To define the use of PRP in elite athletes by team physicians from professional sports leagues.

Study Design:

Cross-sectional study.

Methods:

A survey assessing treatment timing, usage patterns, indications, and complications was generated by fellowship-trained sports medicine orthopaedic surgeons. The survey was distributed to team physicians from the National Football League, National Basketball Association, Major League Baseball, National Hockey League, Major League Soccer, and the “Power 5” Division I conferences of the National Collegiate Athletic Association. From a compilation of publicly available email addresses and those available from professional team physician associations, 149 team physicians were sent this PRP assessment tool.

Results:

Of the 149 professional and collegiate team physicians contacted, 59 started the survey and 46 completed it, resulting in a 39.6% participation rate and a 30.9% completion rate. Approximately 93% of physicians stated that they use PRP in their practices, and 72% use ultrasonography for injection guidance. On average, collegiate team physicians and National Football League physicians treated the most players per season with PRP (69.4 and 60.4 players, respectively), while National Hockey League physicians treated the fewest (18.0 players). The majority of respondents reported no complications from PRP injections (70%), with pain being the most common complication reported (26%). There was no consensus on the most important aspect of PRP formulation, with the top 2 responses being platelet concentration (48%) and white blood cell concentration (39%). When grading the importance of indications to use PRP, physicians found athlete desire on average (7.5 ± 2.2 [SD]; out of 10) to be more important than reimbursement (2.2 ± 2.2) (P < .001). Importantly, physicians stated that they moderately (5.4 ± 2.3) believed in the evidence behind PRP. Physicians listed hamstring injuries as the most common injury treated with PRP. Hamstring injuries were treated with a mean 3.14 PRP injections, as opposed to 2.19 injections for nonhamstring injuries.

Conclusion:

Professional and collegiate team physicians frequently use PRP despite a lack of consensus regarding the importance of the formulation of the product, the timing of treatment, and the conditions that would most benefit from PRP treatment.

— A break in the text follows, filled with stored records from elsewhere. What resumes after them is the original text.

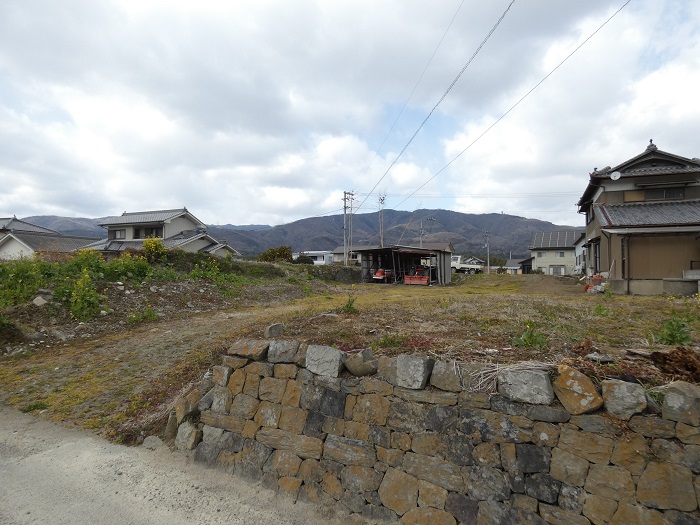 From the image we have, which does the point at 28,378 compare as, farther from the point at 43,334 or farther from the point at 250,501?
the point at 250,501

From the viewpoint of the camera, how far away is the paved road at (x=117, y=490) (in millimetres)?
3758

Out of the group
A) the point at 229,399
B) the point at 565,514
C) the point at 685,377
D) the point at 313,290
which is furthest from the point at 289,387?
the point at 313,290

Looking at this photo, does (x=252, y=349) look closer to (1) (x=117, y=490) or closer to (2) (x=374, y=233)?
(1) (x=117, y=490)

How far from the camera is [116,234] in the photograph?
3644 centimetres

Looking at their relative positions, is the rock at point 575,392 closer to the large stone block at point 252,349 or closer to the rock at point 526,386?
the rock at point 526,386

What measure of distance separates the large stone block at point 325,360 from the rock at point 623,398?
97.6 inches

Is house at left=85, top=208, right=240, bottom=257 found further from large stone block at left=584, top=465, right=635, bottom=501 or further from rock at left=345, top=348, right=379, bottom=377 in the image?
large stone block at left=584, top=465, right=635, bottom=501

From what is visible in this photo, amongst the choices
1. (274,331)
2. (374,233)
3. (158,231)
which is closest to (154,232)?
(158,231)

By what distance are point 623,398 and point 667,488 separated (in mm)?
652

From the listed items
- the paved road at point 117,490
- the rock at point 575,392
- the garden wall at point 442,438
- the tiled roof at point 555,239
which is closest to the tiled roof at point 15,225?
the paved road at point 117,490

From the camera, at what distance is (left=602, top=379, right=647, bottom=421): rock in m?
2.80

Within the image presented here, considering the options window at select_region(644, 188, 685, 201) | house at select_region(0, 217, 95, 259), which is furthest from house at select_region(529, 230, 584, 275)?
house at select_region(0, 217, 95, 259)

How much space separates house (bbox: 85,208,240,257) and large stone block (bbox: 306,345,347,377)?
3216 cm

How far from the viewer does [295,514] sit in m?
3.80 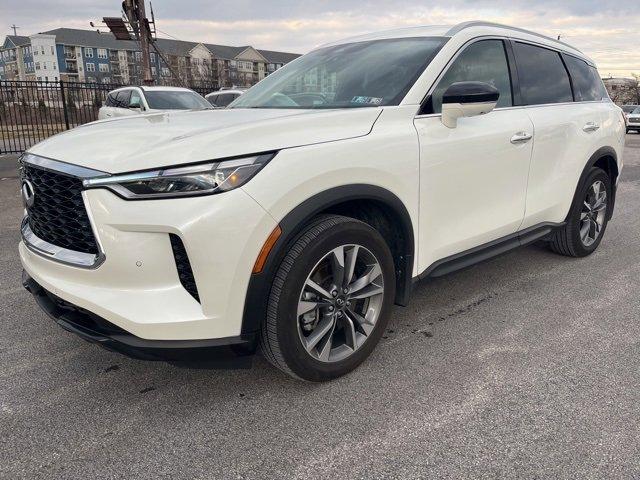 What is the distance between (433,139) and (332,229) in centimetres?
88

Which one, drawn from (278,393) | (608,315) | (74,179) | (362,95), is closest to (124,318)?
(74,179)

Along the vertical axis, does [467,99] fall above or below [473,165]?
above

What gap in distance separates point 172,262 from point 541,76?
3222 mm

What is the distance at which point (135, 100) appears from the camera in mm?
11414

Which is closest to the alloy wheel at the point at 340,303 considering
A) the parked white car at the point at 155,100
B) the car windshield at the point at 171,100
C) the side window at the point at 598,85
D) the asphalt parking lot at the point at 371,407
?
the asphalt parking lot at the point at 371,407

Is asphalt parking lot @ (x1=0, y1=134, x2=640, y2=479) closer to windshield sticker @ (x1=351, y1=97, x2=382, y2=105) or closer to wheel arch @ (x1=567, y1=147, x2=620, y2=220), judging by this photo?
wheel arch @ (x1=567, y1=147, x2=620, y2=220)

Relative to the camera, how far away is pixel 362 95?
3.03 meters

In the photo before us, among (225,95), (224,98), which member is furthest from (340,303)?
(225,95)

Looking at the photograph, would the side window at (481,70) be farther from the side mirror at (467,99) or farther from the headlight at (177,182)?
A: the headlight at (177,182)

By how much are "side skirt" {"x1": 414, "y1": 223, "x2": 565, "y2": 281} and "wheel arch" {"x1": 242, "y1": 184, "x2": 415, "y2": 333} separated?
19 centimetres

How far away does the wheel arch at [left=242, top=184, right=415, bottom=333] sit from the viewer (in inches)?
87.9

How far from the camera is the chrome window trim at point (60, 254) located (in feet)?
7.20

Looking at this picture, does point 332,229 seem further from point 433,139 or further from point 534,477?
point 534,477

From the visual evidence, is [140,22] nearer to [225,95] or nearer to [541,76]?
[225,95]
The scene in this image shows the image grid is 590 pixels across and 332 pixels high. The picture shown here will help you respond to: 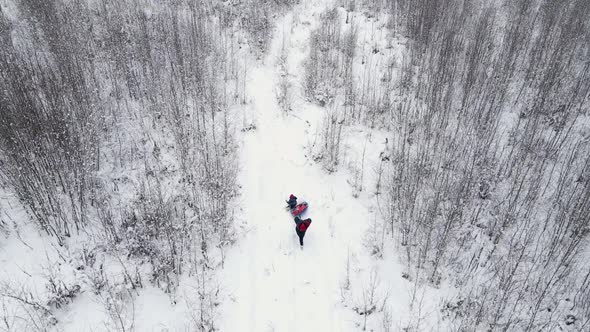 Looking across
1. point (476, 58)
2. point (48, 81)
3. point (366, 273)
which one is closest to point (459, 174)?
point (366, 273)

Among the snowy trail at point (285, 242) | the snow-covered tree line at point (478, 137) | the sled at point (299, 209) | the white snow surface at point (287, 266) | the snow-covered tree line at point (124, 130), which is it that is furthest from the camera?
the sled at point (299, 209)

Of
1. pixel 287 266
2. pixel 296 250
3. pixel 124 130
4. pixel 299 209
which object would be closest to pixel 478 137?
pixel 299 209

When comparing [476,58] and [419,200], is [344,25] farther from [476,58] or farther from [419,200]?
[419,200]

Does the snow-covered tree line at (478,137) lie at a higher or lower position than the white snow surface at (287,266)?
higher

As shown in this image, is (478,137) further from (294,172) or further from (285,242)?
(285,242)

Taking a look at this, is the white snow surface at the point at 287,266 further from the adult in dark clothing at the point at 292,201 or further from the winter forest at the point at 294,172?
the adult in dark clothing at the point at 292,201


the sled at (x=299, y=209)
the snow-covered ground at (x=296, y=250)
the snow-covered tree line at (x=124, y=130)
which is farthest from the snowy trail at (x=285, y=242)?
the snow-covered tree line at (x=124, y=130)

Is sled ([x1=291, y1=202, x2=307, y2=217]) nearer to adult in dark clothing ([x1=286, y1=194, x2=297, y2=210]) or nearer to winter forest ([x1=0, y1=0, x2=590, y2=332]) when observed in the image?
adult in dark clothing ([x1=286, y1=194, x2=297, y2=210]) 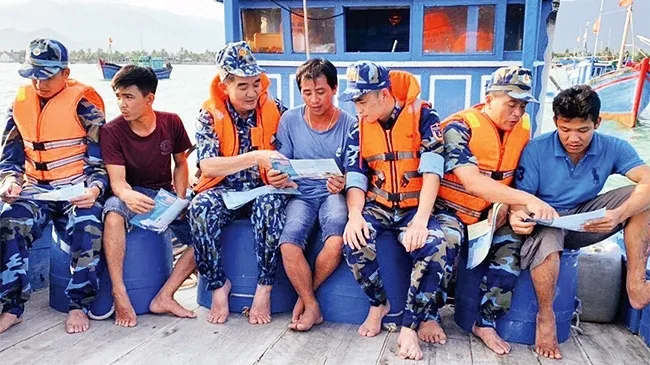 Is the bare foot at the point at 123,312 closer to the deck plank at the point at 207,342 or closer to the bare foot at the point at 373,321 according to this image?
the deck plank at the point at 207,342

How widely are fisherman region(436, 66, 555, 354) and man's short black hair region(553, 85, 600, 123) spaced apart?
13 cm

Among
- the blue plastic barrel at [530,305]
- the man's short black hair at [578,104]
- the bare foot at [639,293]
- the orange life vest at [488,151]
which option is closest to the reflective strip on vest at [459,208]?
the orange life vest at [488,151]

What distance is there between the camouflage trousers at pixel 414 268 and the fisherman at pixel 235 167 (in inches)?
18.5

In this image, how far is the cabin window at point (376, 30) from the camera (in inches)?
259

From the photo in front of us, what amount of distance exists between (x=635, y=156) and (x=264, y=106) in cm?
190

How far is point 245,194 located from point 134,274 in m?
0.72

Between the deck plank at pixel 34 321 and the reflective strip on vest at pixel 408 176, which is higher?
the reflective strip on vest at pixel 408 176

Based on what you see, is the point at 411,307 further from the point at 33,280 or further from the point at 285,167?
the point at 33,280

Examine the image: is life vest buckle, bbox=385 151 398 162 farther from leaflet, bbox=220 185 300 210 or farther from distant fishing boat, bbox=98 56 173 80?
distant fishing boat, bbox=98 56 173 80

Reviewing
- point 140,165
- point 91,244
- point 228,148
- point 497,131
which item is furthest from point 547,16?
point 91,244

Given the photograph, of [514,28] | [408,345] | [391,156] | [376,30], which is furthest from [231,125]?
[376,30]

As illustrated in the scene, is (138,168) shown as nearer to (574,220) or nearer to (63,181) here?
(63,181)

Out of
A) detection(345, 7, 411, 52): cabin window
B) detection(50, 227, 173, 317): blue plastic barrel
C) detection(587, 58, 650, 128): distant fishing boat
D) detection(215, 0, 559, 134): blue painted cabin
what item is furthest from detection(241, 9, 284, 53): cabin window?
detection(587, 58, 650, 128): distant fishing boat

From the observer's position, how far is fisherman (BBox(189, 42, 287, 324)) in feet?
10.2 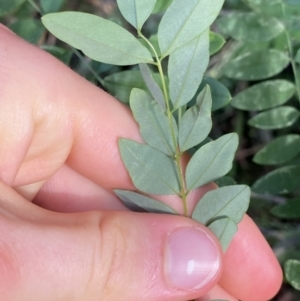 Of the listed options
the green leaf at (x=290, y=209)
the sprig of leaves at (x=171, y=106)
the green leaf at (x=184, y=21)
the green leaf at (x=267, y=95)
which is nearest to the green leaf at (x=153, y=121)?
the sprig of leaves at (x=171, y=106)

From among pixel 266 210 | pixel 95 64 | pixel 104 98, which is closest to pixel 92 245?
pixel 104 98

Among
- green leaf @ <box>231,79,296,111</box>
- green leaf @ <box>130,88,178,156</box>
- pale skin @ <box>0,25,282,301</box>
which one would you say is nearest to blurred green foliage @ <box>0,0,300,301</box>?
green leaf @ <box>231,79,296,111</box>

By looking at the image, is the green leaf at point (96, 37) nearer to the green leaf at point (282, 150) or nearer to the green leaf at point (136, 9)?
the green leaf at point (136, 9)

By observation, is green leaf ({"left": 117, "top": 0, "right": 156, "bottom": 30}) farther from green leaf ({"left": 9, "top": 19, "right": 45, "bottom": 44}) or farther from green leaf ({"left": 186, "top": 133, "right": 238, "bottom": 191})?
green leaf ({"left": 9, "top": 19, "right": 45, "bottom": 44})

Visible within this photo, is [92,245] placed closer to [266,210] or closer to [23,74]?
[23,74]

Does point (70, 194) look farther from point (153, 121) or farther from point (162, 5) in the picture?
point (162, 5) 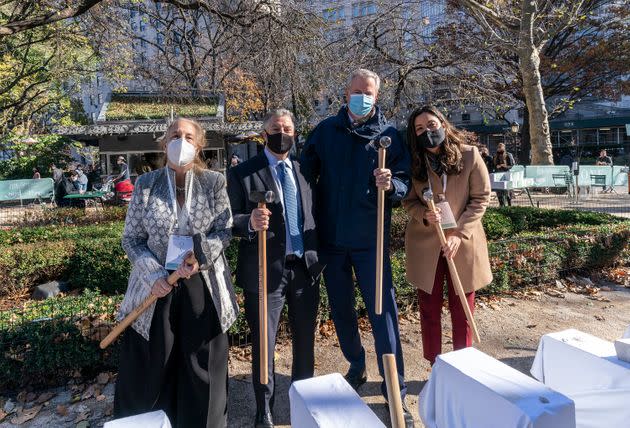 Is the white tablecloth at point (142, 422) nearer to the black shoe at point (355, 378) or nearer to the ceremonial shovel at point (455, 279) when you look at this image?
the ceremonial shovel at point (455, 279)

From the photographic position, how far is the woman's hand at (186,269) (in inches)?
94.9

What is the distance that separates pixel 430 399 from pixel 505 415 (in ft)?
1.64

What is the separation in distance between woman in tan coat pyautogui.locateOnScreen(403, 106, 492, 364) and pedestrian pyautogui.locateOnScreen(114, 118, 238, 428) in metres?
1.32

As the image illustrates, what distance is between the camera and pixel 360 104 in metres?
2.92

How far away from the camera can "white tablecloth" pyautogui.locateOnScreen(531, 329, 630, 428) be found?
64.9 inches

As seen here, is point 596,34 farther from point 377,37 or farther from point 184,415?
point 184,415

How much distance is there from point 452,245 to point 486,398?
171 centimetres

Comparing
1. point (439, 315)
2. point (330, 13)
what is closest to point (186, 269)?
point (439, 315)

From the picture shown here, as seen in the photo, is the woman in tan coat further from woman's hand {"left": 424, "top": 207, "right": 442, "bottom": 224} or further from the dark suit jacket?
the dark suit jacket

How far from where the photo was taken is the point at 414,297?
4953mm

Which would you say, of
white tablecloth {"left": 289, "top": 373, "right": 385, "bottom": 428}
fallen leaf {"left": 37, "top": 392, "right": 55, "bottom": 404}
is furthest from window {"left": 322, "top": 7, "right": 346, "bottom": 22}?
white tablecloth {"left": 289, "top": 373, "right": 385, "bottom": 428}

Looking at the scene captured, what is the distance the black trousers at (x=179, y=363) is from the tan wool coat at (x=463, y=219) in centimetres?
145

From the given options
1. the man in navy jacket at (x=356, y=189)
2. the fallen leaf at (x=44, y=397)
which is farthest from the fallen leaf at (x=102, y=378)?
the man in navy jacket at (x=356, y=189)

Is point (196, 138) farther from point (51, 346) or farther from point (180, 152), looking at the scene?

Keywords: platelet-rich plasma, biologic healing enhancement, PRP injection, hamstring

Derived from whole blood, platelet-rich plasma (PRP) is an autologous form of blood plasma that contains high concentrations of platelets and growth factors that have been implicated in accelerating natural healing processes. PRP utilizes centrifugation to remove erythrocytes and concentrate platelets and growth factors in a plasma base before injection.³ PRP is used in musculoskeletal injuries prior to operative treatment, intraoperatively, or following surgery to potentiate the response of cytokines and growth factors at the wound site, which can improve healing in soft and hard tissue.⁴ Orthopaedic surgery, oral surgery, dermatology, and plastic surgery are among the various specialties that utilize this technique.¹¹

Despite the modern, widespread use of PRP by orthopaedic surgeons, little is known about the explicit benefits of the therapy on the musculoskeletal system.¹² Presently, PRP has been investigated for use in the treatment of several musculoskeletal pathologies, the most commonplace of which is tendinopathy. One meta-analysis of 18 studies examining PRP use concluded that a single injection of PRP under ultrasonography was supported as treatment for tendinopathy.⁶ Given that up to 50% of all activity-related injuries are tendon disorders, these authors advocated for PRP’s utility as a sports medicine modality.² Within the subset of tendon disorders, PRP has been specifically explored for its value as a therapy for rotator cuff tears and tendinopathy, ulnar collateral ligament tears and ruptures, hamstring strains, Achilles tendinopathy, lateral epicondylitis, and patellar tendinitis.¹⁵

Specifically, PRP usage has been linked to lower rotator cuff retear rates,¹⁹ faster return-to-play time in ulnar collateral ligament ruptures,¹⁶ faster return to play following hamstring injuries,¹³ extended relief and improved healing in lateral epicondylitis,^8,20 and improved pain control and function in patellar tendinitis.⁵ These studies are in contrast with numerous tendinous studies demonstrating no benefit in the usage of PRP.^10,15

While there are broad indications for PRP usage for tendinous injuries in athletes, the evidence behind usage in specific etiologies is often equivocal. Despite the extensive usage of PRP, little is known regarding how team physicians use this treatment modality in elite athletes. Based on mixed literature and broad indications, the goal of this study was to define the treatment criteria, composition, timing, and complications of PRP usage for elite athletes. We hypothesized that team physicians use different formulations of PRP with varying timing and treatment criteria among elite athletes.

Methods

Exemption from institutional review board evaluation was granted, as no patient-specific information was gathered or analyzed. A survey assessing treatment timing, usage patterns, indications, and complications was generated by fellowship-trained sports medicine orthopaedic surgeons. The survey consisted of demographic questions regarding league, university, and team affiliations in addition to 14 clinical questions. Questions assessed timing, frequency, motivations behind usage, and etiology-specific items. While some items utilized a 1-10 Likert scale, others were multiple choice or free-form. The survey is available in the Appendix.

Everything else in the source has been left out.